En date du 30 avril 2010, le Gouvernement en conseil a décidé de rejeter votre réclamation et de valider le résultat des élections tel qu'il fût arrêté par le bureau électoral en date du 8 avril 2010 et ce pour les raisons suivantes :
Dans votre courrier précité, vous avez tout d'abord fait valoir que la législation relative aux élections, et notamment l'article 43ter de la loi précitée, constituerait une «disposition farfelue (…) et totalement archaïque » qui priverait « l'… d'un siège arithmétiquement remporté » et qui viserait à « évincer tous les adversaires syndicaux de la CGFP ». Vous en contestez la constitutionnalité au motif que cette manière de procéder serait contraire au principe d'égalité devant la loi.
Ensuite, vous estimez qu'au vu du fait que Monsieur … …, premier élu de la Liste 1 (CGFP/FEDUSE), est retraité, il ne ferait plus partie de l'administration de l'enseignement de sorte que suite à l'attribution des deux premiers sièges à Monsieur … et à Monsieur …, l'un des deux mandats auxquels la catégorie de l'enseignement peut prétendre conformément à l'article 43ter prémentionné serait toujours vacant et devrait par conséquent être attribué au candidat enseignant élu de l'….
Tout d'abord, il y a lieu de rappeler la teneur exacte des dispositions légales et réglementaires en la matière.
L'article 43ter alinéa 5 de la loi précitée dispose que « la répartition des fonctionnaires dans les catégories supérieure, moyenne et inférieure se fait par règlement grand-ducal en tenant compte des trois grandes catégories de traitements déterminées à l'annexe D de la loi modifiée du 22 juin 1963 fixant le régime des traitements des fonctionnaires de l'Etat.
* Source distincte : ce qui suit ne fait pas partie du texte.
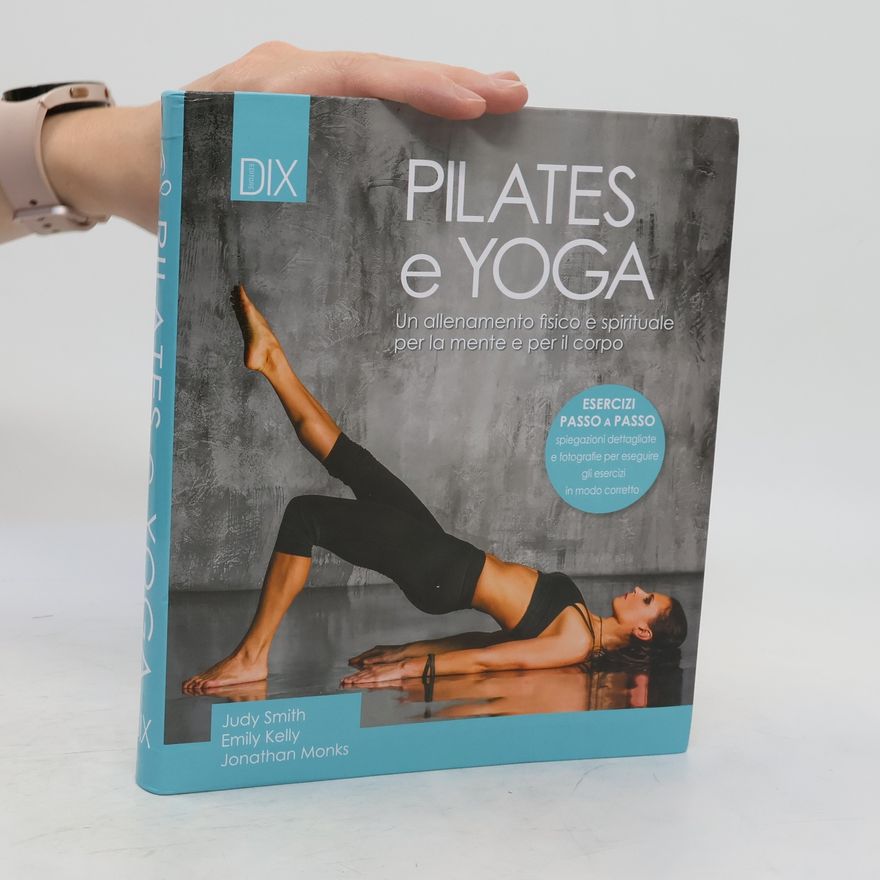 Judy Smith-Höhn Pilates e yoga. Un allenamento fisico e spirituale per la mente e per il corpo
Au sein de la Chambre des fonctionnaires et employés publics aucune administration de l'Etat ni aucun établissement public ne peut occuper plus de deux mandats pour chacune des catégories A, B et C. Au sens des dispositions du présent article, l'enseignement secondaire, secondaire technique, supérieur et universitaire est à considérer comme formant une seule administration. » L'article 42 alinéa 8 du règlement grand-ducal modifié du 17 janvier 1984 portant réglementation de la procédure électorale pour la Chambre des Fonctionnaires et Employés publics prévoit que « toutefois, si par les opérations qui précèdent plus de deux sièges de membres effectifs étaient à attribuer dans une catégorie des candidats d'une même administration de l'Etat ou d'un même établissement public ou d’utilité publique, les deux candidats élus de cette administration ou de cet établissement, à quelque liste qu'ils appartiennent, qui ont obtenu le plus grand nombre de suffrages sont définitivement déclarés élus membres effectifs. En cas de parité de suffrages, l'élection est acquise au candidat le plus âgé. Le siège restant à pourvoir est attribué au premier suppléant de la liste qui n'est pas de la même administration ou du même établissement. Le membre élu écarté prendra rang comme premier suppléant de sa liste. » En premier lieu, il convient de remarquer que loin de correspondre à une disposition anti-constitutionnelle qui ne respecterait pas le principe d'égalité devant la loi, celle-ci est au contraire l'expression du souci d'assurer une représentativité la plus équilibrée possible de tous les intérêts en cause. En effet, et au vu du fait qu'une partie non négligeable du personnel de l'Etat est concentrée dans quelques grandes administrations, la volonté du législateur a été et reste d'éviter une influence unilatérale au sein de la chambre professionnelle.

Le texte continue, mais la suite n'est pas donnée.